Expression quantitative trait locus analysis

To functionally elucidate the GWAS signal for lung function at 4q24 locus, a lung specific and RNAseq based cis-eQTL dataset [21] was used. The nominal P-values from testing the association between SNP variation and gene expression were obtained and corrected in R using Benjamin-Hochberg FDR correction [61]. The FDR values from eQTL analyses of 4q24 SNPs were compared to the significance of association with lung function parameter forced expiratory volume in a first second from the Repapi et al. study [3].

RNA interference

The purpose of RNAi experiments was to deplete cells of INTS12 in order to (a) study it in the context of existing body of knowledge to translate canonical activity into a human model, (b) predict novel functions based on transcriptomic profiling, (c) and to test them experientially. To help distinguish between true and off-target effects, gene knockdown was performed using two independent D-siRNAs. Experiments included un-transfected and scrambled D-siRNA transfected controls. RNAseq profiling was performed 48 h and 120 h after the initiation of RNAi, to compare the transcriptomic responses at these two time points. RNAseq pathway analyses, functional and validation experiments were assessed using 120 h long interference. INTS12 depletion was performed in discovery and independent validation donor HBECs using a minimum of three biological replicates.

RNAseq

RNA extraction from knockdown and control conditions, cDNA library preparation and next generation sequencing are described in Additional file 3: Supplemental Methods.

Quantitative PCR

U1, U2, U4 and U5 snRNA processing was assessed by measuring qPCR-estimated relative levels of their respective misprocessed transcripts. MARS, GARS, ASNS, and ATF4 expression was also measured by qPCR for technical validation on the cDNA samples derived from RNA sequenced total RNA samples, and for biological validation in different donor cells using the same experimental design. Details of cDNA synthesis and qPCR assays are described in Additional file 3: Supplemental Methods.
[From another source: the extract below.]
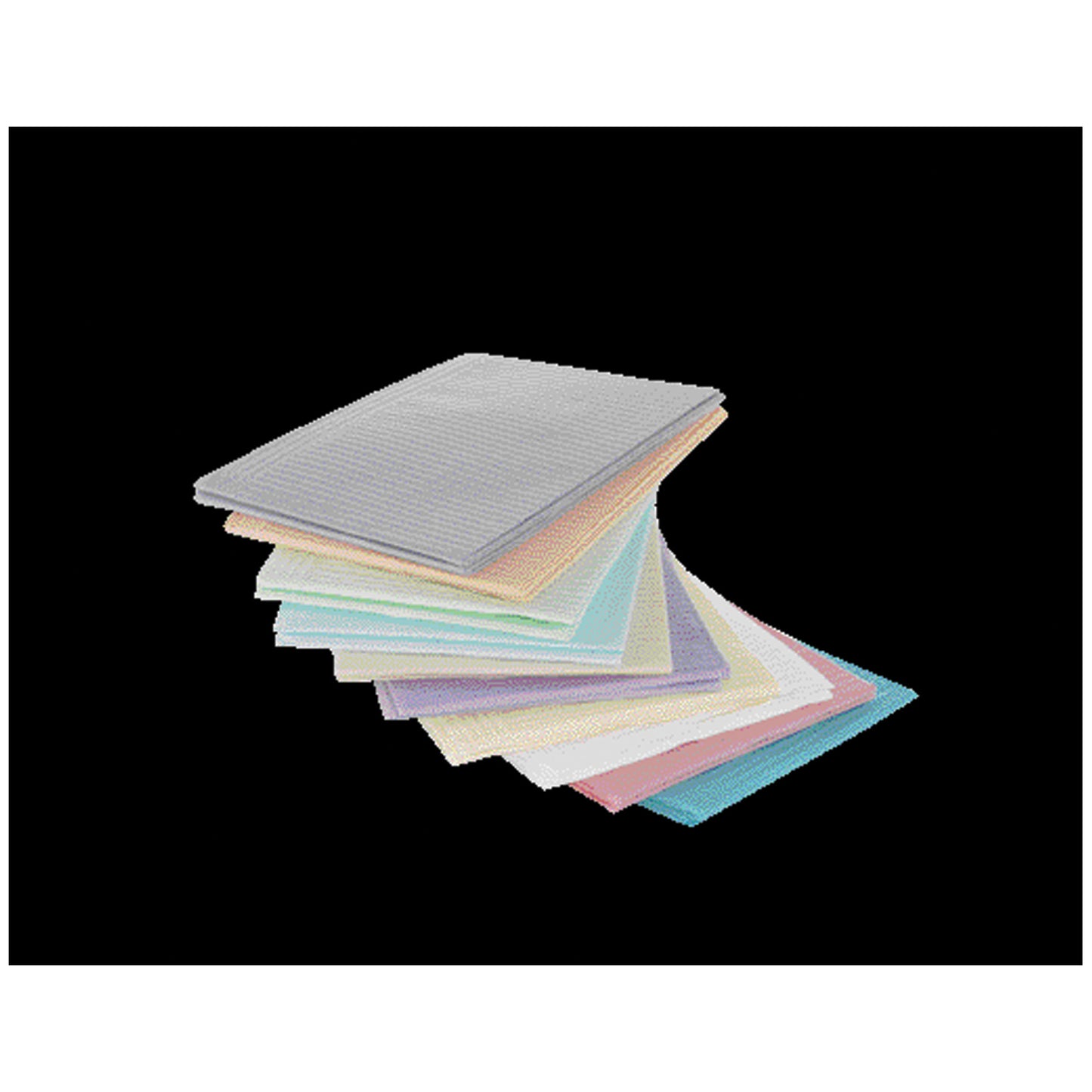 Dental Bib, 13" x 18", 2-Ply Paper + 1-Ply Poly, White, 500/cs (Not Available for sale into Canada)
RNAseq and pathway data analyses

Detailed description of RNAseq and pathway analyses is in the Additional file 3: Supplemental Methods.

ChIPseq and ChIP-PCR data analyses

ChIPseq and ChIP-PCR experimental procedures as well as detailed description of ChIPseq data analyses are described in Additional file 3: Supplemental Methods.

Functional assays

Details about protein synthesis measurement and analyses are in the Supplemental Methods. Proliferative capacity was assessed by cell counts and details are described in Additional file 3: Supplemental Methods.

Immunofluorescence

Antibodies, immunofluorescence methods, and detection are described in Additional file 3: Supplemental Methods.

Statistics

Data were grouped from multiple experiments and are expressed as average ± standard error of mean. Statistical significance was assessed by ordinary one-way ANOVA followed by Fisher’s Least Significant Difference test. Results were considered significant when P < 0.05. For high throughput analyses the nominal P-values were corrected for multiple comparisons using FDR correction. The significance of dN/dS ratios in the selection test, was obtained via the Single-Likelihood Ancestor Counting algorithm [62].